AUTHOR=Remazeilles Anthony , Dominguez Alfonso , Barralon Pierre , Torres-Pardo Adriana , Pinto David , Aller Felix , Mombaur Katja , Conti Roberto , Saccares Lorenzo , Thorsteinsson Freygardur , Prinsen Erik , Cantón Alberto , Castilla Javier , Sanz-Morère Clara B. , Tornero Jesús , Torricelli Diego TITLE=Making Bipedal Robot Experiments Reproducible and Comparable: The Eurobench Software Approach JOURNAL=Frontiers in Robotics and AI VOLUME=9 YEAR=2022 URL=https://www.frontiersin.org/journals/robotics-and-ai/articles/10.3389/frobt.2022.951663 DOI=10.3389/frobt.2022.951663 ISSN=2296-9144 ABSTRACT=

This study describes the software methodology designed for systematic benchmarking of bipedal systems through the computation of performance indicators from data collected during an experimentation stage. Under the umbrella of the European project Eurobench, we collected approximately 30 protocols with related testbeds and scoring algorithms, aiming at characterizing the performances of humanoids, exoskeletons, and/or prosthesis under different conditions. The main challenge addressed in this study concerns the standardization of the scoring process to permit a systematic benchmark of the experiments. The complexity of this process is mainly due to the lack of consistency in how to store and organize experimental data, how to define the input and output of benchmarking algorithms, and how to implement these algorithms.
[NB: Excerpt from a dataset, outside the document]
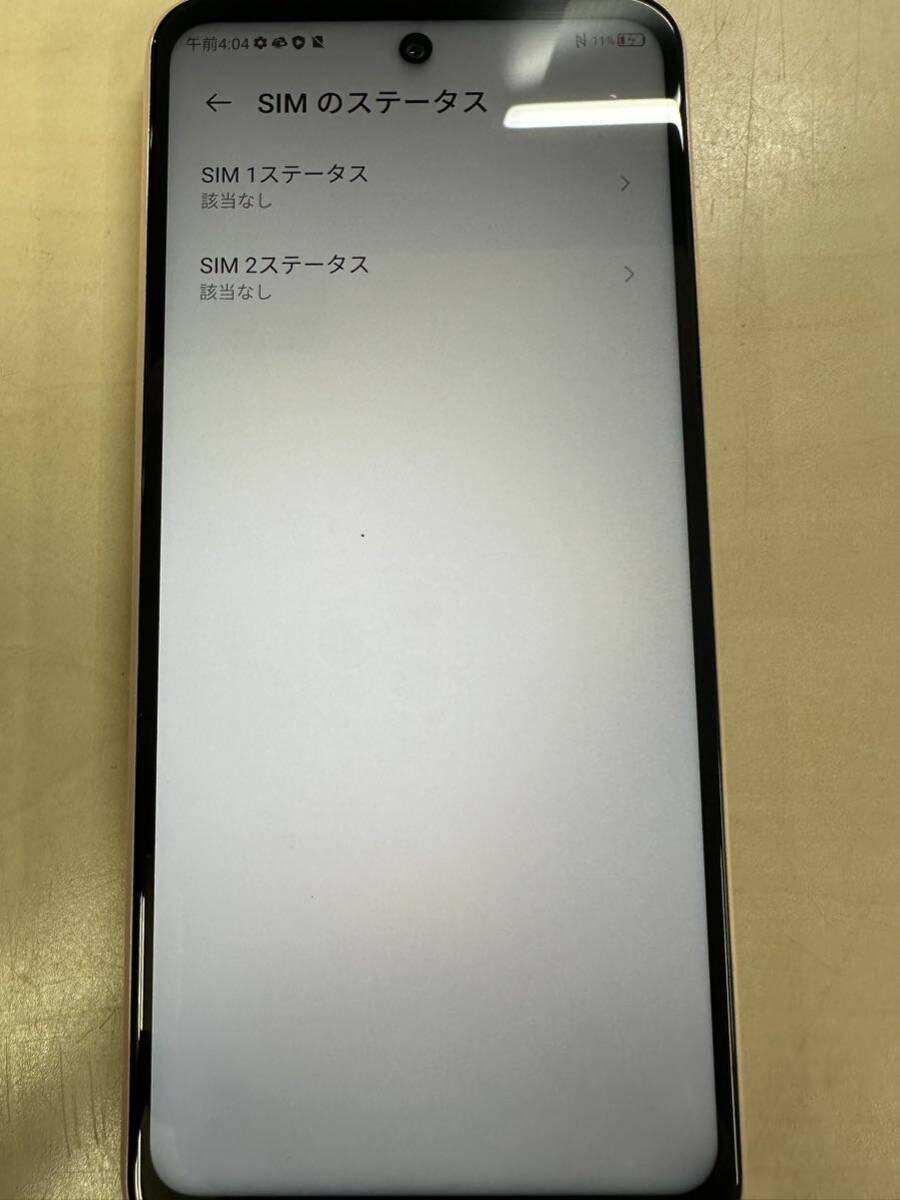 Ymobile ワイモバイル Libero 5G II［ピンク　A103ZT スマートフォン本体　64GB 利用制限○ 箱付き_画像6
We propose a simple but efficient methodology for preparing scoring algorithms, to ensure reproducibility and replicability of results. This methodology mainly constrains the interface of the software and enables the engineer to develop his/her metric in his/her favorite language. Continuous integration and deployment tools are then used to verify the replicability of the software and to generate an executable instance independent of the language through dockerization. This article presents this methodology and points at all the metrics and documentation repositories designed with this policy in Eurobench. Applying this approach to other protocols and metrics would ease the reproduction, replication, and comparison of experiments.